Mut ist dabei das Wichtigste. Mut, schnelle Entscheidungen zu treffen. Mut, den Mitarbeitern zuzuhören. Mut, die eigenen Prozesse zu optimieren. – Außerdem kommen wir aus einer Kultur, in der Unternehmer und Chefs ihren Mitarbeitern wenig zugetraut haben. Heute wollen Mitarbeiter aber mehr Verantwortung übernehmen, um das Unternehmen nach vorne zu bringen. Wenn Chefs ihnen das zutrauen, entsteht Großes. 

 

Network: Wie äußert sich diese Schnelligkeit im Startup-Alltag?

Florian: Besonders wichtig für unser junges Unternehmen ist die Drei-Monats-Regel. Danach muss sich ein Produkt, eine Idee oder ein Projekt innerhalb von drei Monaten so validiert haben, dass du weißt, wie du damit Geld verdienen kannst. Denn dann kannst du die nächsten Schritte planen. 

Um die Drei-Monats-Regel einzuhalten musst du stark fokussieren. Da sind wir dann beim Pareto-Prinzip, das besagt, dass du in 20 Prozent der Zeit 80 Prozent des Ergebnisses erwirtschaftest. Für die letzten 20 Prozent bis zum Endergebnis brauchst du jedoch ganze 80 Prozent der Zeit – ein dicker Batzen. In der Regel lohnt es sich nicht diese 80 Prozent zur Perfektion des Ergebnisses zu investieren. Wichtiger ist es schnell zu sein, erste Ergebnisse zu produzieren, Erfolge oder Misserfolge einzufahren und daraus zu lernen. 

 

Network: Lässt sich das auch auf etablierte Unternehmen übertragen?

Florian: Natürlich. Viele große Unternehmen zahlen gerade genau auf diese Denke ein. Früher waren die Produktzyklen viel länger – bei Autos dauerte es etwa sieben Jahre, bis ein neues Modell rauskam. Oft wurde dann auch nicht aus den Erfahrungen des Vorgängermodells gelernt. Heute denken Unternehmen um und machen kleinere Schritte, probieren auch mal etwas aus und lernen aus den Erfahrungen. 

 

Network: Und wie bringen etablierte Unternehmen diese Mentalität des Ausprobierens in ihre Firma?

Florian: Ein Weg könnte es sein für Mitarbeiter und Führungskräfte Freiräume zu schaffen. Wie ein Spielplatz für digitale Produkte auf dem man sich austoben und Neues probieren kann. – Wie kann ich ein Tablet in der Kommunikation mit dem Team oder meinen Kunden verwenden? Wie kann ich Whiteboards beim Teammeeting nutzen? Können wir Reisekosten auch digital abrechnen? 

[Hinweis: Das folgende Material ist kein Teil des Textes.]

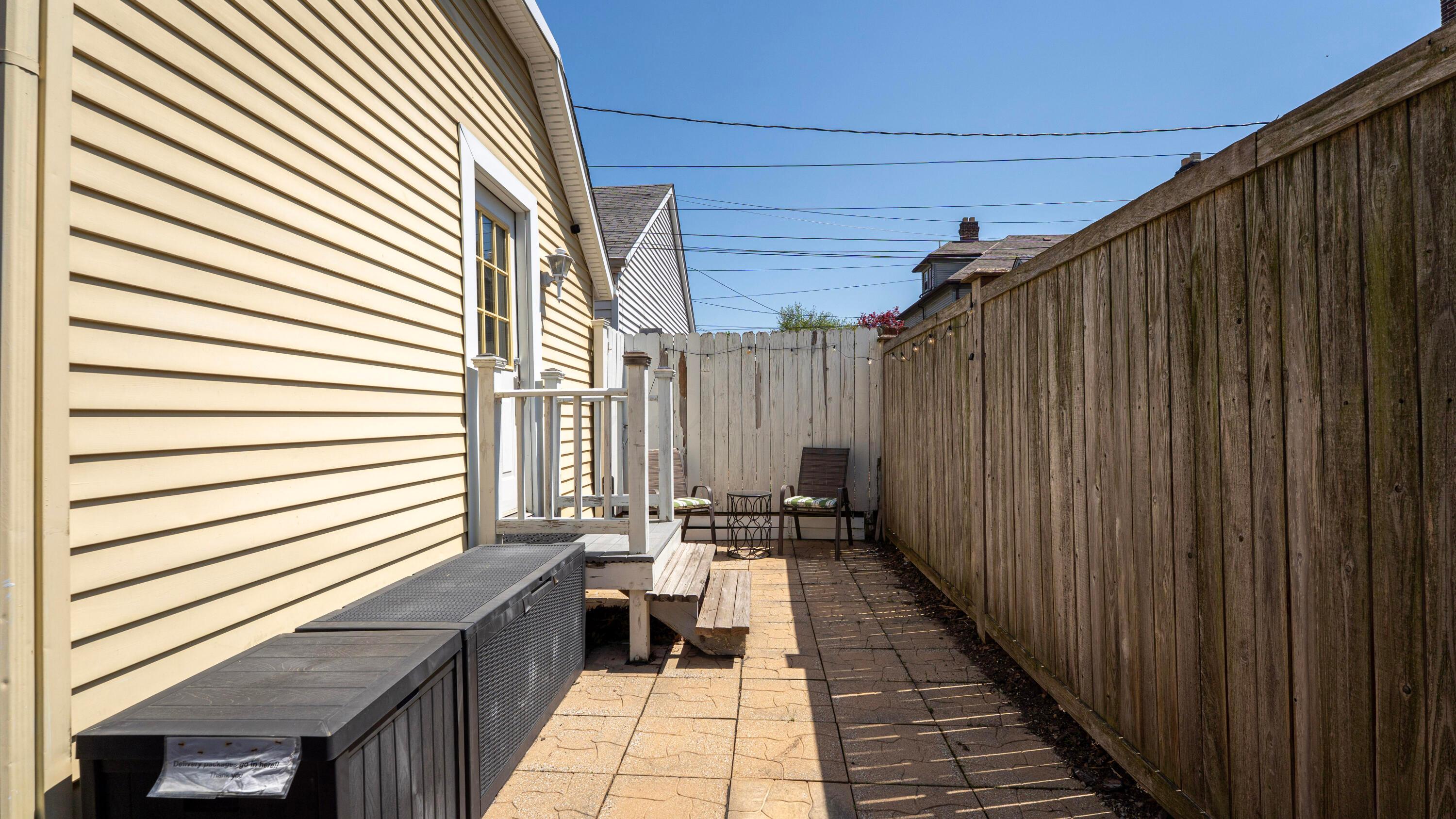 1148 Perry Street Columbus, OH 43201 - Photo 30 of 43 Back Patio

Wie das genau aussieht, ist natürlich von der Branche abhängig. Wenn sich Mitarbeiter mit Digitalisierung beschäftigen, können sie dem Unternehmen mit optimierten Prozessen nicht nur Geld sparen, sondern werden auch digitalaffiner. Die Mitarbeiter verlieren die Angst vor der digitalen Welt und lassen sich eher auf technischen Fortschritt im Unternehmen ein. 

Zur Person

Florian Christ ist Geschäftsführer und Gründer des Startups Fino, das digitale Finanzprodukte für Banken, Versicherungen und andere Kunden entwickelt. Florian kommt aus Kassel und hat bei der Network Digitalreise 2019 in Frankfurt darüber gesprochen, wie sein Startup gewachsen ist und sich damit das Team und die internen Arbeitsabläufe verändert haben.